EXERCISE REQUIREMENTS
The required answer is every line of the data containing the word "Black".

EXERCISE DATA
_ _ _ _
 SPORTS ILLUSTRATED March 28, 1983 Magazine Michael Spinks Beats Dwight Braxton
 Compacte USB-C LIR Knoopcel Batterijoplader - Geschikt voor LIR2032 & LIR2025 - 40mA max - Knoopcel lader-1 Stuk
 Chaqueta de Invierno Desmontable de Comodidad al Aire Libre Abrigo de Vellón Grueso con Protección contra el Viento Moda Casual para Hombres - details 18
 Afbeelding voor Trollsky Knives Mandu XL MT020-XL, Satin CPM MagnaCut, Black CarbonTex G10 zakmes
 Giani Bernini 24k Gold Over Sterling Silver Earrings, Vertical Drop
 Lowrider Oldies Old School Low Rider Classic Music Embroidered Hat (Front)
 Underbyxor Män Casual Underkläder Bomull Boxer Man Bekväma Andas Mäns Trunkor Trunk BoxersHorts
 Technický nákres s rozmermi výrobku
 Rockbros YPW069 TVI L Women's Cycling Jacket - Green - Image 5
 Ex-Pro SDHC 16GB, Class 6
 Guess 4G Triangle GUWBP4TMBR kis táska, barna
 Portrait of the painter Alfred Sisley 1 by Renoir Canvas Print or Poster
_ _ _ _
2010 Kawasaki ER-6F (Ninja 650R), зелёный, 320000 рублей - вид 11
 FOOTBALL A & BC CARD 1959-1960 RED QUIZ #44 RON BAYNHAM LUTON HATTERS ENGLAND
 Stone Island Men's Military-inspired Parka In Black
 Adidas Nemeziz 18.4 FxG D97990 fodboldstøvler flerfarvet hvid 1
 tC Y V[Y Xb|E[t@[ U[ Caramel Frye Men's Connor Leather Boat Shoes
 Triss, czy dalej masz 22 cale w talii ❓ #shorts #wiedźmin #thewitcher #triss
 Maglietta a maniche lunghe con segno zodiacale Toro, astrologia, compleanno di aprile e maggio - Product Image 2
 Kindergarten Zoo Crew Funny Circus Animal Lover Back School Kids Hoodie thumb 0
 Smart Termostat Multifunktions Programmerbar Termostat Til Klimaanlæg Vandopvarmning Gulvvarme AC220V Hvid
_ _ _ _
ANSWER BOX
 Afbeelding voor Trollsky Knives Mandu XL MT020-XL, Satin CPM MagnaCut, Black CarbonTex G10 zakmes
 Stone Island Men's Military-inspired Parka In Black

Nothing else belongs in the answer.